## INPUT
---------------
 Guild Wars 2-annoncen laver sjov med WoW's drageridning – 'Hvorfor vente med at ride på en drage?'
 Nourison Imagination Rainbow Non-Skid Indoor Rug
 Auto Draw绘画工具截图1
---------------
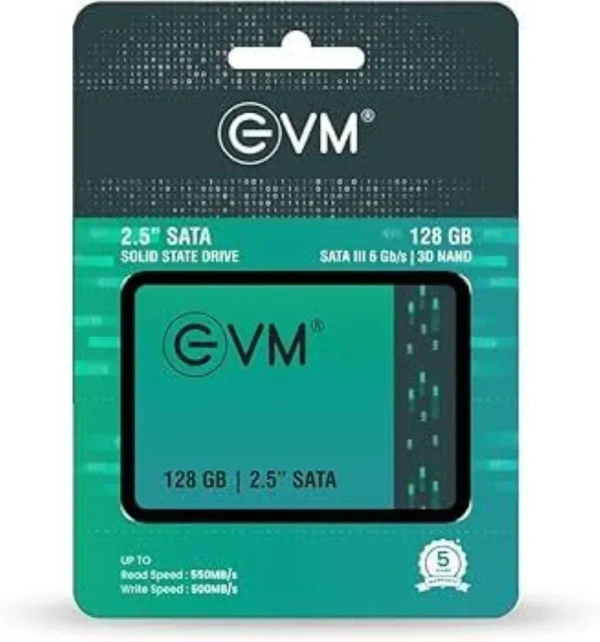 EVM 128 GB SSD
---------------
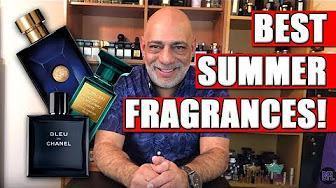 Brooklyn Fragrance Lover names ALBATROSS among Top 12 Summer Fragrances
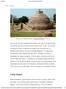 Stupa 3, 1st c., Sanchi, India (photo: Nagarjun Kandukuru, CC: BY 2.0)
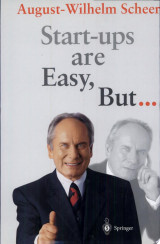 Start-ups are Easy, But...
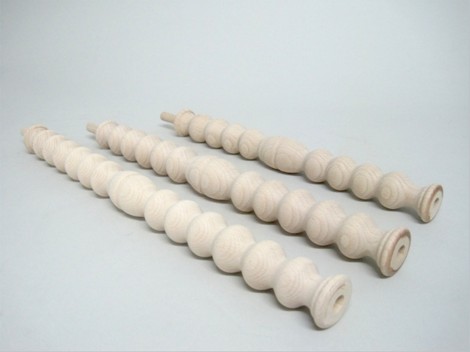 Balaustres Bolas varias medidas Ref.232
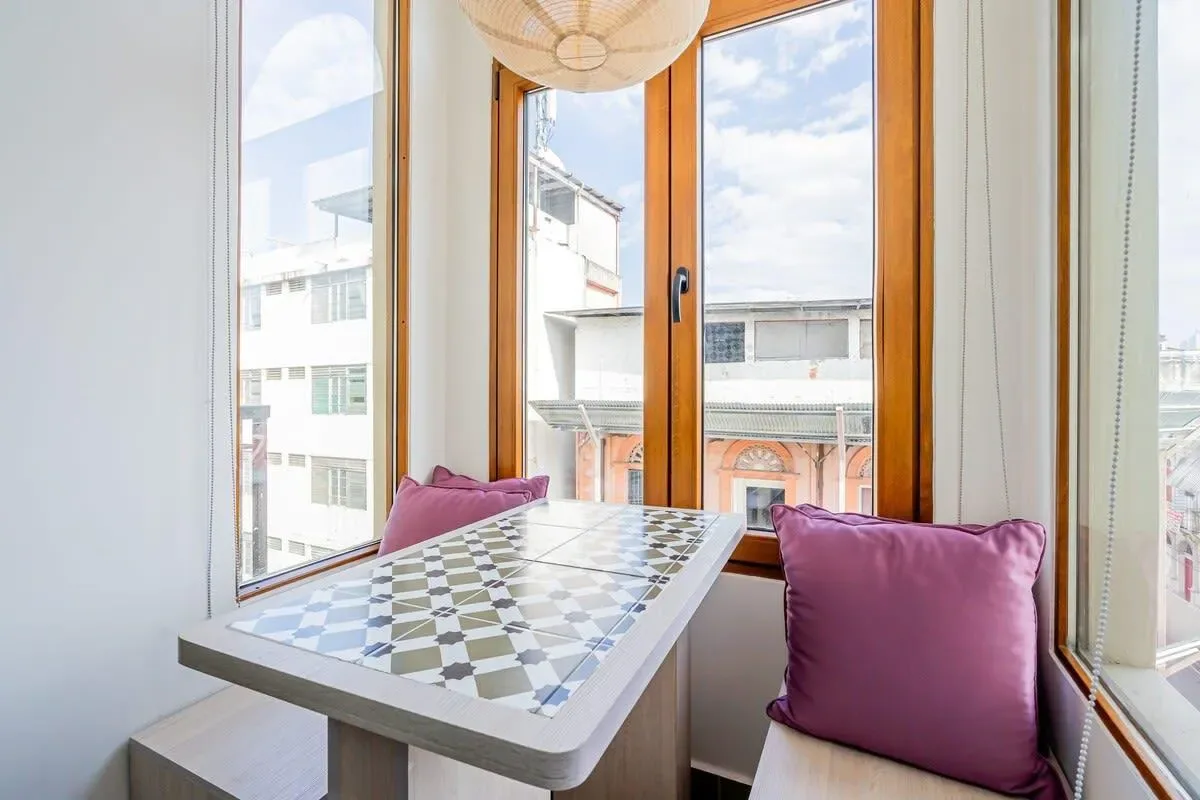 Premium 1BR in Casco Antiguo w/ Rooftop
---------------
## TRY IT
From the listing above, the lines starting with the one that has "Guild Wars 2-annoncen" and running through the one that has "Auto Draw绘画工具截图1" should be copied exactly, ends included.

## OUTPUT OF THE EXERCISE
 Guild Wars 2-annoncen laver sjov med WoW's drageridning – 'Hvorfor vente med at ride på en drage?'
 Nourison Imagination Rainbow Non-Skid Indoor Rug
 Auto Draw绘画工具截图1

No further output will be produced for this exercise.